---------- Data section ----------

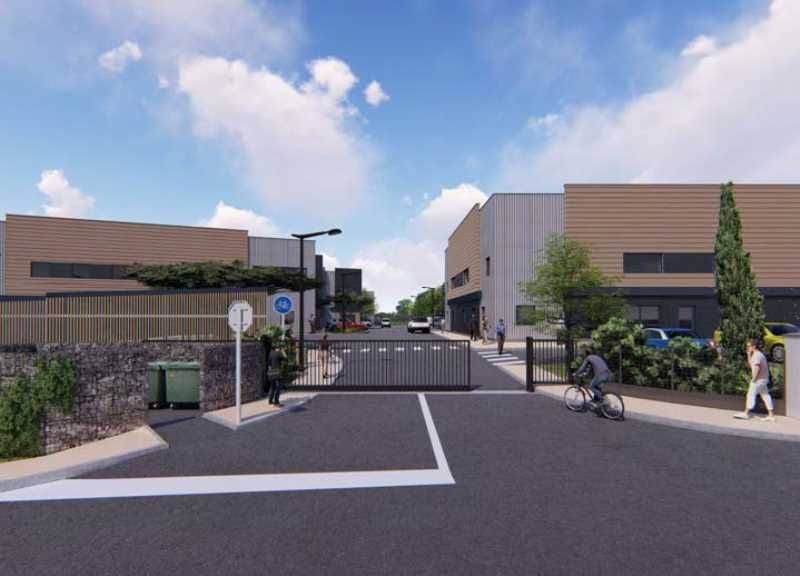 À VENDRE: Parc d'activités neuf à La Tour de Salv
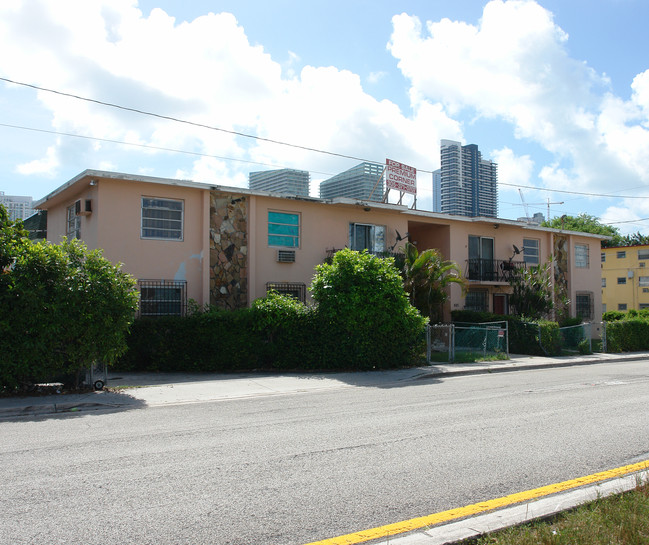 885 SW 3rd Ave in Miami, FL - Building Photo - Building Photo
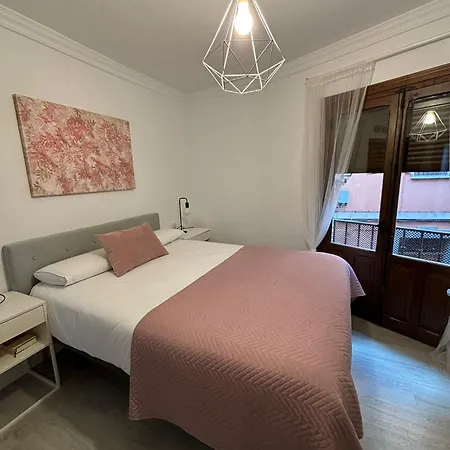 Апартаменты Santa Justa Centro *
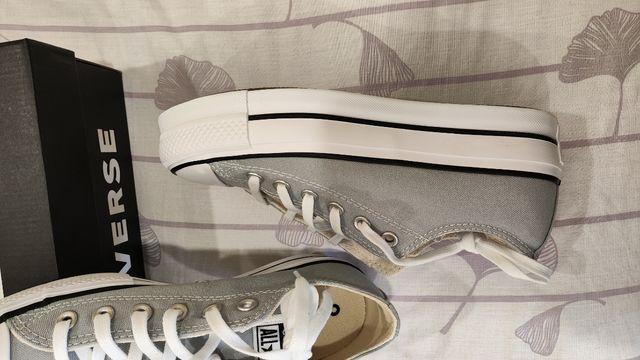 Converse 37'5 nuevas en su caja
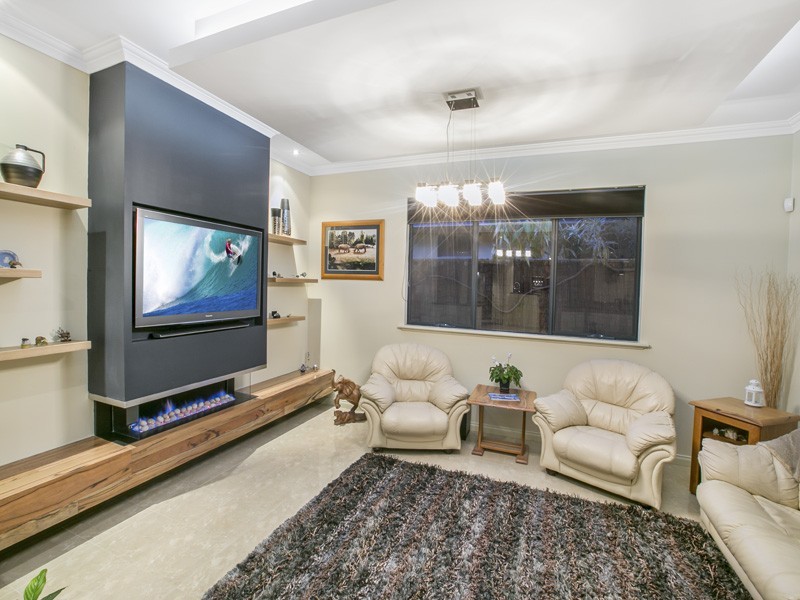 25 Booker Street, Attadale WA 6156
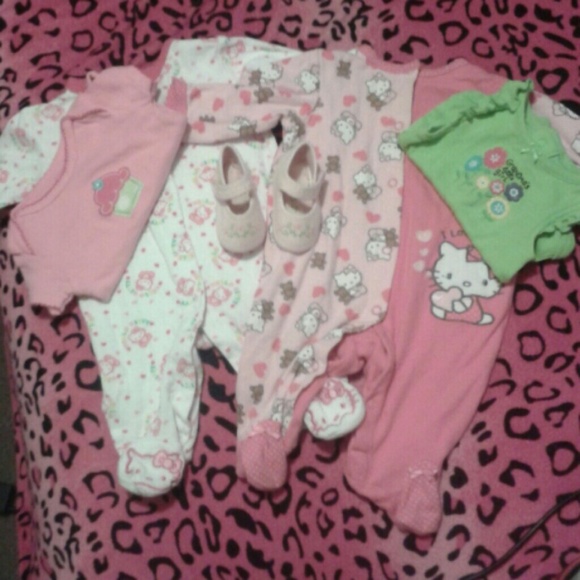 2 HelloKitty Outfits And princess Shoes w 2Shirts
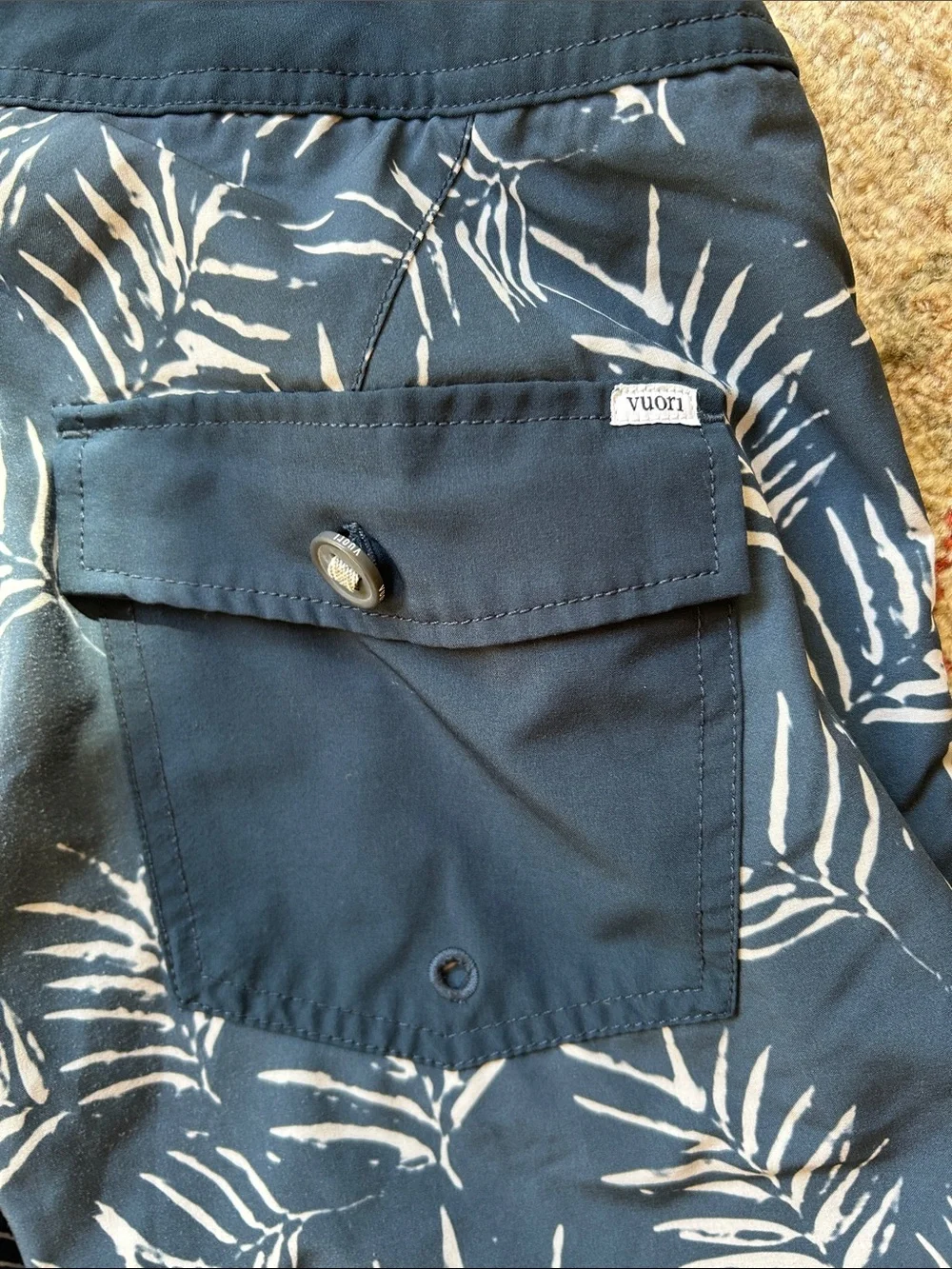 Vuori Cruise Board Swim Shorts with White Palm Print EUC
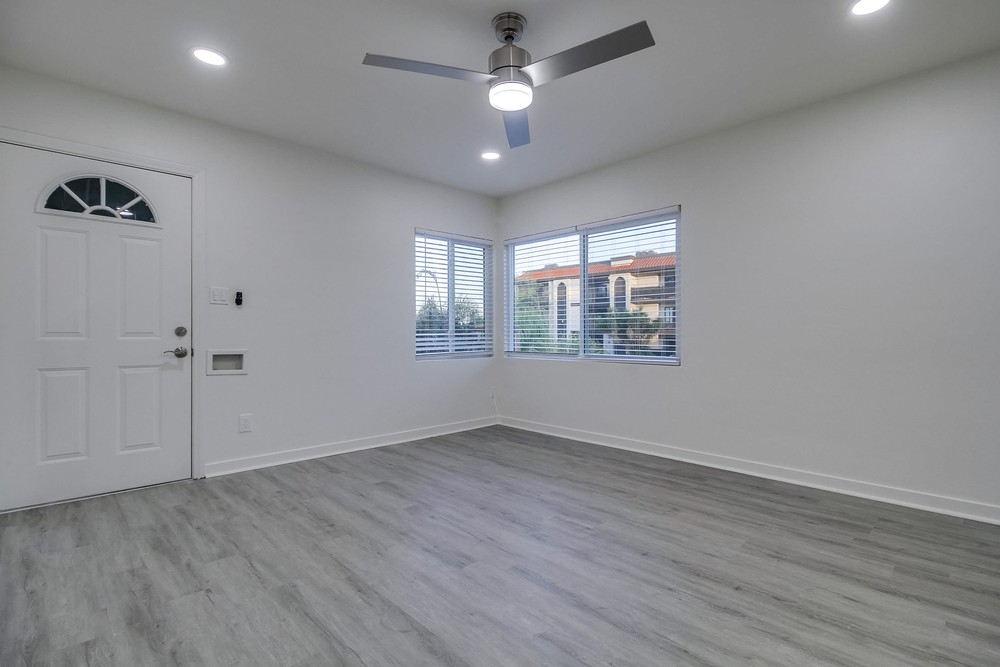 Virtual tour photo 19 of 44 for 2850 Broadway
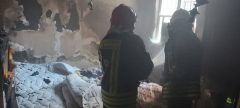 نجات ۳۰ نفر از ساکنان یک مجتمع مسکونی از میان آتش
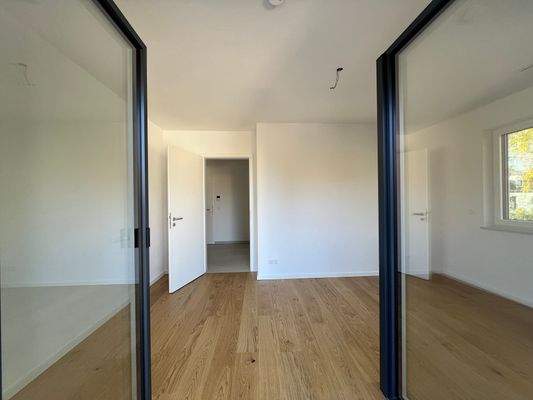 Schlafzimmer mit Balkon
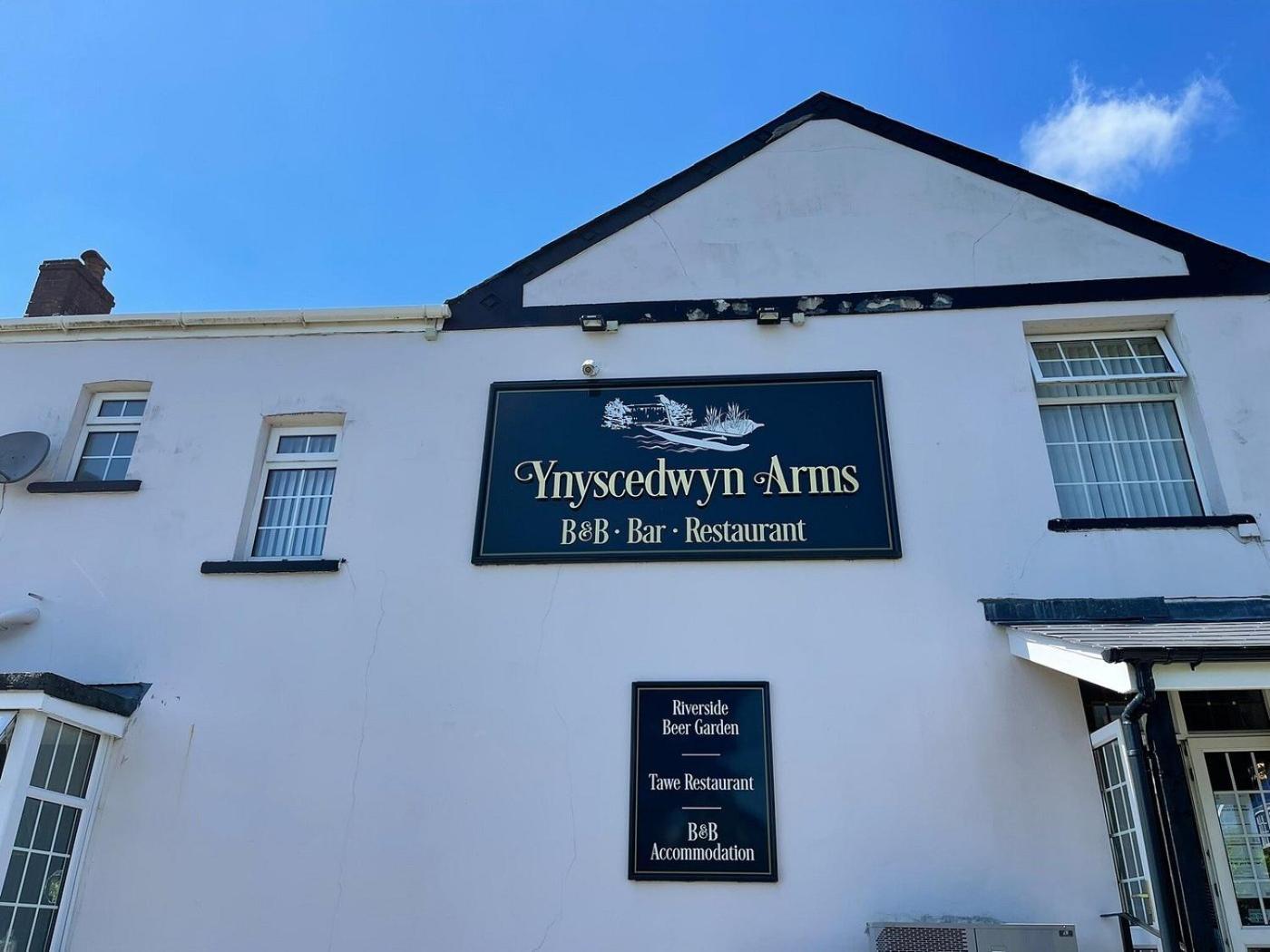 Hotel Ynyscedwyn Arms Ystradgynlais Exteriér fotografie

----------

*Exercise*: Word for word, output the lines from the line bearing "2 HelloKitty Outfits" through the end of the records above, and only those, without the pictures.

*Written solution*:
 2 HelloKitty Outfits And princess Shoes w 2Shirts
 Vuori Cruise Board Swim Shorts with White Palm Print EUC
 Virtual tour photo 19 of 44 for 2850 Broadway
 نجات ۳۰ نفر از ساکنان یک مجتمع مسکونی از میان آتش
 Schlafzimmer mit Balkon
 Hotel Ynyscedwyn Arms Ystradgynlais Exteriér fotografie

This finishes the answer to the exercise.